そろそろ「自粛要請」という中途半端な指示はやめよう。

埼玉県からの度重なる自粛要請に反して、埼玉スーパーアリーナでK1グランプリが開催されたことについて、ネット上で賛否両論が出ています。

以前にも書きましたが、開催する場合、しない場合、どちらの意見にも一理あり、簡単に「正解」が出せるものではありません。

こんな時に最もよろしく無いのは「人心が荒れること」であり、「人と人との対立が深まること」だと私は思っています。

またそれ故に冷静で客観的な判断が飛んでしまうことも少なからずありますので、常に自らがそうならないよう気を付けねばならない、とも感じます。

私の知る音楽関係者の中には「満員電車は制限されていないのに、コンサートの開催が許容されないのは理解出来ない」と言った意見も見られます。
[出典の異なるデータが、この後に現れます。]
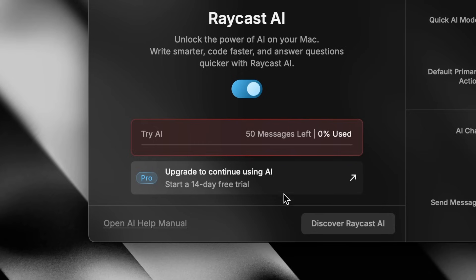After you're done with your 50 free messages, if you still want a bit more, you can sign up for a free 14-day trial of Raycast Pro with the link in the description. You do need an account for that, but you get unlimited AI usage for the whole two weeks. For more Raycast tutorials, announcements, and tips, make sure to subscribe. See you in the next one.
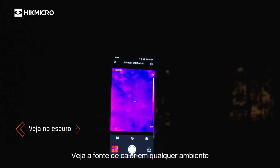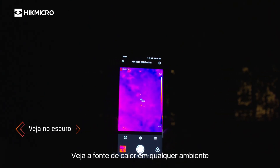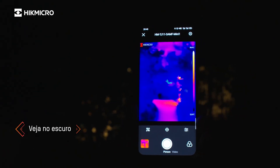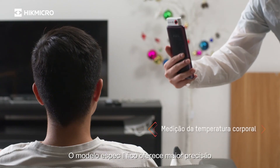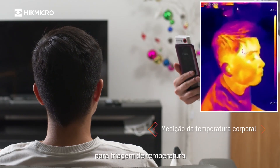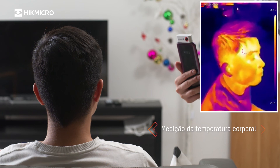See the heat source even in the dark night. A specific model provides higher accuracy for temperature screening.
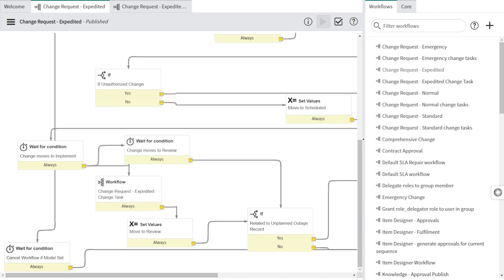So there you have it — adding a new change request type in ServiceNow doesn't have to be a daunting task. With a little guidance and a positive attitude, you can customize your ITSM process to better suit your organization's needs. If you ever feel lost, you can reach out to me on LinkedIn. Thank you for joining me today — don't forget to like, share, and subscribe for more helpful tutorials. Until next time, keep navigating the exciting world of ServiceNow with confidence and a bit of humor. Thank you and have a nice day!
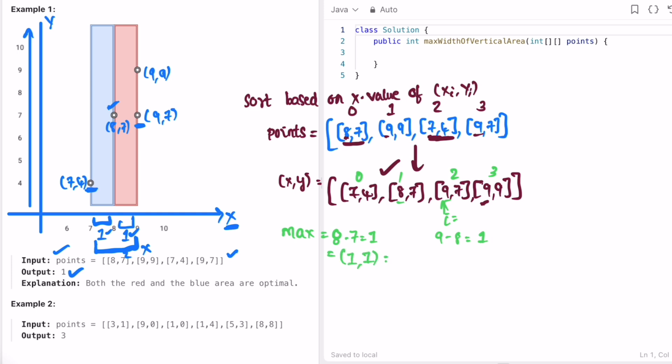which will still remain 1. So max will remain 1. Now i is moving forward. Check 9 minus 9, which equals 0. Check max of (0, 1); it will remain 1.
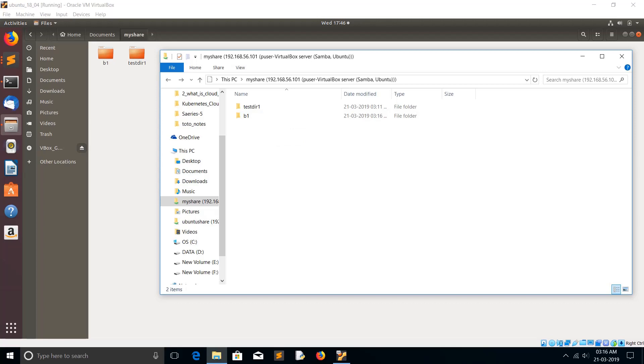Now we have fully set up the Samba server and we have seen how we can access that shared folder from Windows system. Please subscribe, please like and share the videos. If you have any doubt, please comment.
然し少し冷静に考えれば、満員電車とコンサートは、喩え感染リスクという観点では同じあっても、本質は全く異なります。

イベントなどを自粛するかどうかを決めるのは、その行為の責任者、つまり万一、感染拡大源となった場合にその責任を引き受ける人・組織ですが、満員電車にはその責任者が存在しません。敢えて言えば運行している鉄道会社かもしれませんが、流石に感染防止強硬派でも、公共交通機関を止めろ、とまでは、現時点では主張しないでしょう。

つまり満員電車については、リスクはあるものの、誰も責任を取らないので放置されているものだと思います。

一方で、コンサートやイベントには必ず主催者がいますし、それが開催される会場にも管理責任者がいます。何かあれば、責任を負う人が明確になっているので、その人が開催によるコロナ拡散リスクを取れないと思えば中止・延期にするでしょうし、万一クラスター頑張ります発生しても全責任は私が負うと考えていれば、開催することになります。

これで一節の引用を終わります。